It’s 2017 and everyone wants to brand themselves and their business in a way that sets them apart. With so many products on the market, half of what it takes to get your business off the ground is having a marketable, interesting product. Unfortunately, the creators of these five products missed the memo. The best pitch in the world couldn’t save these items from being eaten alive by the sharks.
5. Elephant chat: Do you ever miss the way it felt when your mom made you and your sibling talk through a fight by taking turns whilst she presided? If so, you’ll love Elephant Chat. Except the elephant is your mom and you have to hold it while you air your grievances with your spouse. We wish we were kidding. Turns out the only “elephant in the room” was what a terrible idea this was.
4. 180 Cup: Every college students’ worst nightmare come to life, the 180 Cup is a plastic cup which, when flipped over, has a shot glass on the bottom. The problem lies in the constant flipping over of the cup. Spoiler alert: any party utilizing 180 Cup ends with more booze on shoes than in stomachs and will go down in history as the worst party ever.
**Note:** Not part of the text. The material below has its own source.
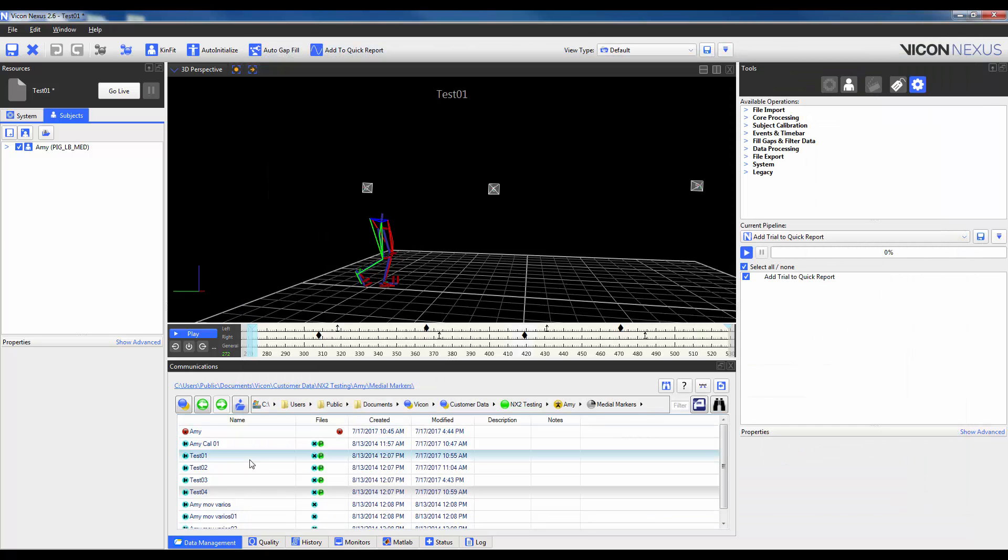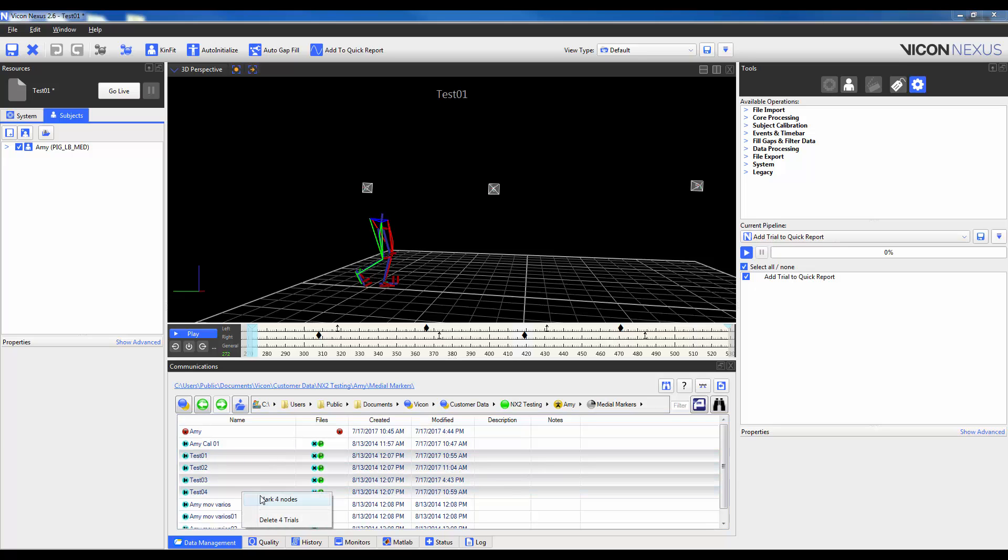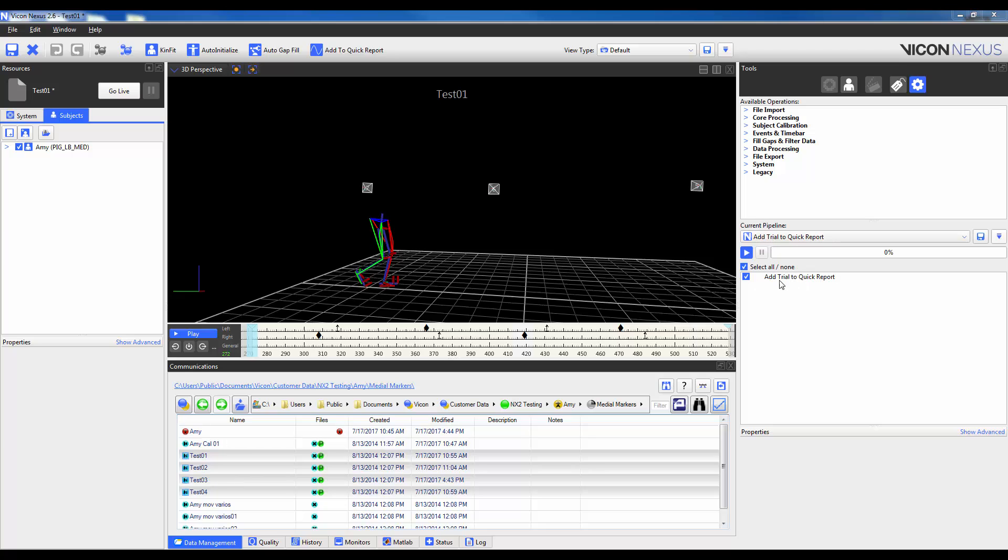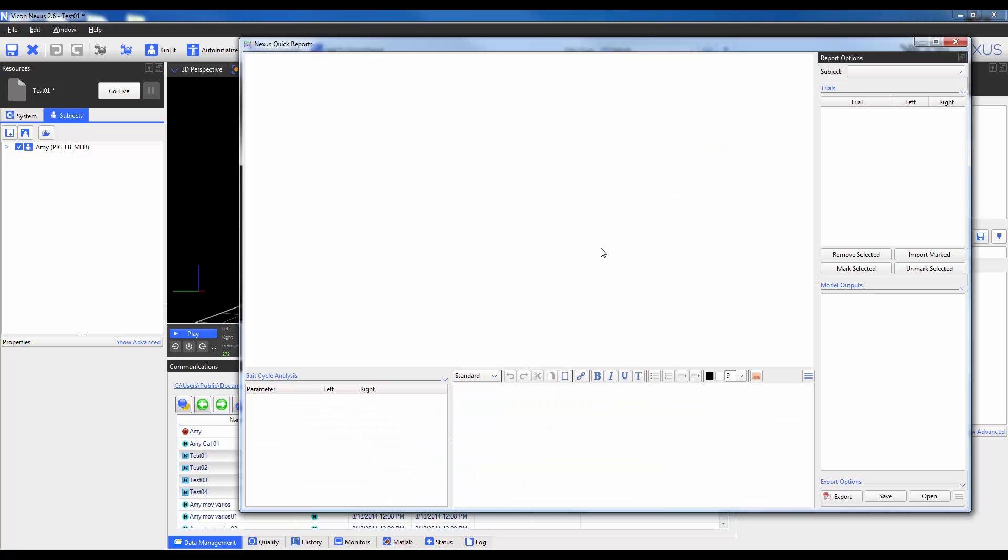The second method involves marking the trials within your data management. So I've highlighted four trials. I'm going to right click and mark four nodes and I can either run a batch process that again includes this pipeline operation or I can go ahead and open quick reports and select import marked.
3. Wake ’n’ Bacon: This wooden alarm clock cooks your bacon for you when it wakes you up. Now, stop and think about all the horrible parts of that sentence. Firstly, a wooden alarm clock is cooking bacon. We’re surprised that sentence itself didn’t just burst into flames, so it’s only a matter of time before someone’s home does. Secondly, that bacon will have to be loaded into the cooking mechanism before bed. That means breakfast now consists of bacon that sat, raw and waiting to be cooked, for hours in a bedroom. Lastly the proud, if not burned or food poisoned, victim/owner of the Wake ’n’ Bacon will now have a room which constantly smells like greasy bacon. This is the trifecta of breakfast horrors.
2. Ionic Ear: The only item on this list which will turn you into a cyborg, the Ionic Ear is a bluetooth headset which is fitted inside the human ear and charged at night. A quick one-time surgery means no more fussing with your Bluetooth headset or device.*
*Additional surgery required for all upgrades.
1. No Fly Cone: This super sleek cone sits on top of your dog’s poop to keep flies out of your yard! Magic! It’s almost as if properly disposing of dog mess will never be necessary again. Instead, dog owners can leave hundreds of little cones around their backyard and then… well… leave them there we guess. Maybe just stick with throwing it away.